Os povos não são donos absolutos do património que detêm e são obrigados a responder pela sua guarda. Os déspotas, que exercem o poder de forma antidemocrática, terão de responder pelos dislates e crimes que cometem. E serão homens a julgá-los, sobretudo àqueles que se julgam com mandato divino.
Provavelmente o direito de ingerência encontraria então plena justificação. Perante as hordas de selvagens que um pouco por todo o lado conquistam o poder com armas que as grandes potências nunca deixaram de fornecer, exige-se uma nova ordem que liberte do caos e do crime organizado multidões que tiveram a desdita de nascer no sítio errado sob o jugo de tenebrosos trogloditas.
Este crime foi perpetrado em 2 de março de 2001. Há 18 anos. Hoje, o Afeganistão continua vítima da demência islâmica.

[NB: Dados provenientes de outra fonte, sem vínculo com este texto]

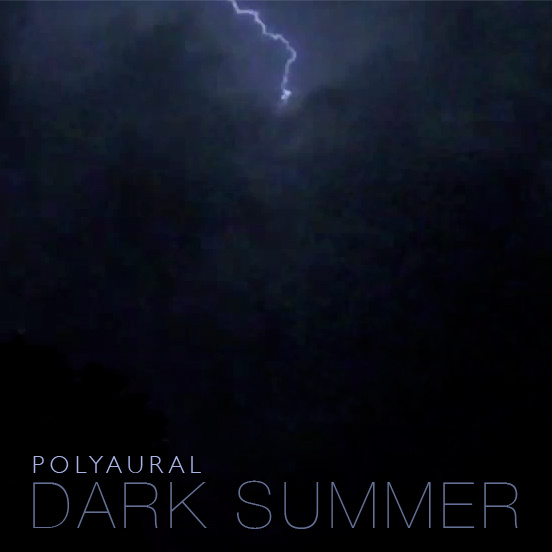 Polyaural - Dark Summer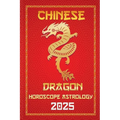 Dragon Chinese Horoscope 2025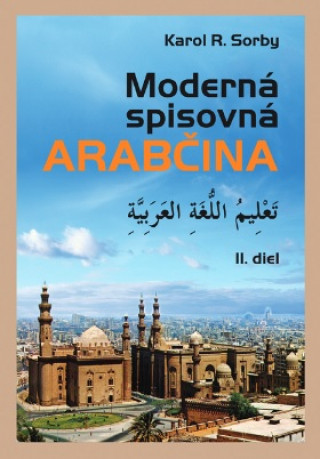 Kniha Moderná spisovná arabčina II.diel Karol R. Sorby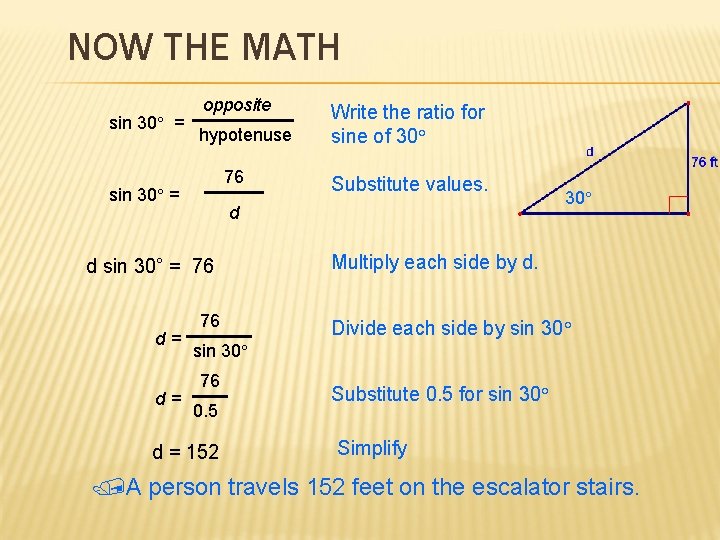 NOW THE MATH sin 30° = opposite hypotenuse 76 sin 30° = d= Substitute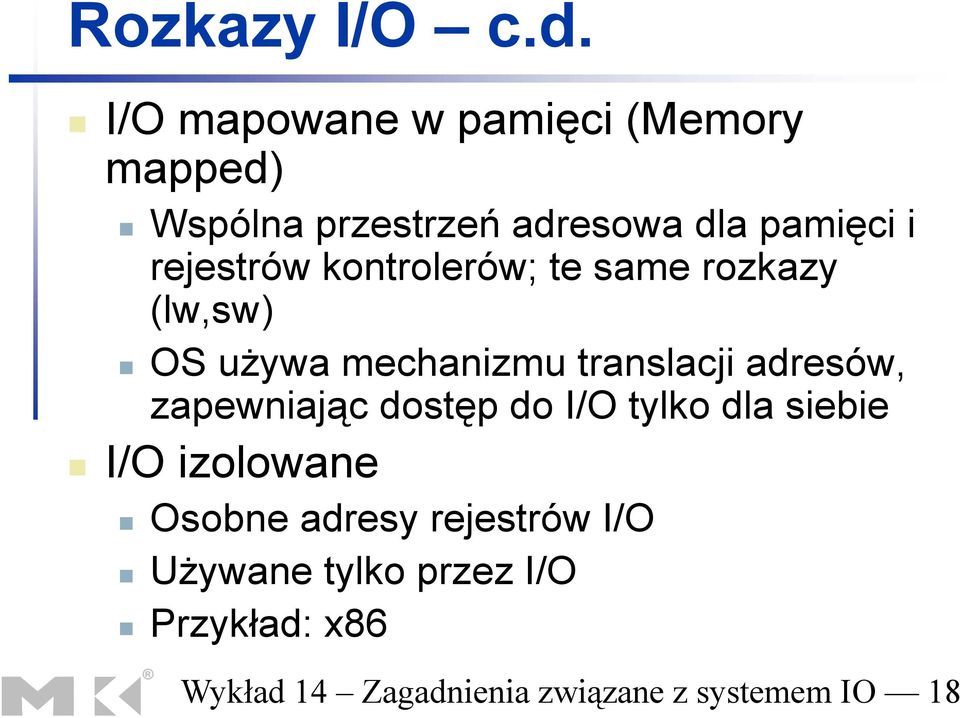 rejestrów kontrolerów; te same rozkazy (lw,sw) OS używa mechanizmu translacji adresów,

Pegue-se numa cópia grosseira do cristianismo, com laivos de judaísmo, e faça-se um manual terrorista ao gosto de um beduíno boçal de há 14 séculos. Intoxiquem-se nele os povos e constranjam-se, torturem-se os réprobos e aliciem-se os devotos com rios de mel e virgens ansiosas. Produzem-se dementes fanáticos, embrutecidos pela fé.
Algures, no que resta do Iraque, entre os rios Tigre e Eufrates, onde nasceu a escrita e a civilização teve berço, despertaram selvagens em estado místico, primatas adestrados no uso de utensílios e armas sofisticadas, aptos a recriarem o habitat da Idade do Bronze.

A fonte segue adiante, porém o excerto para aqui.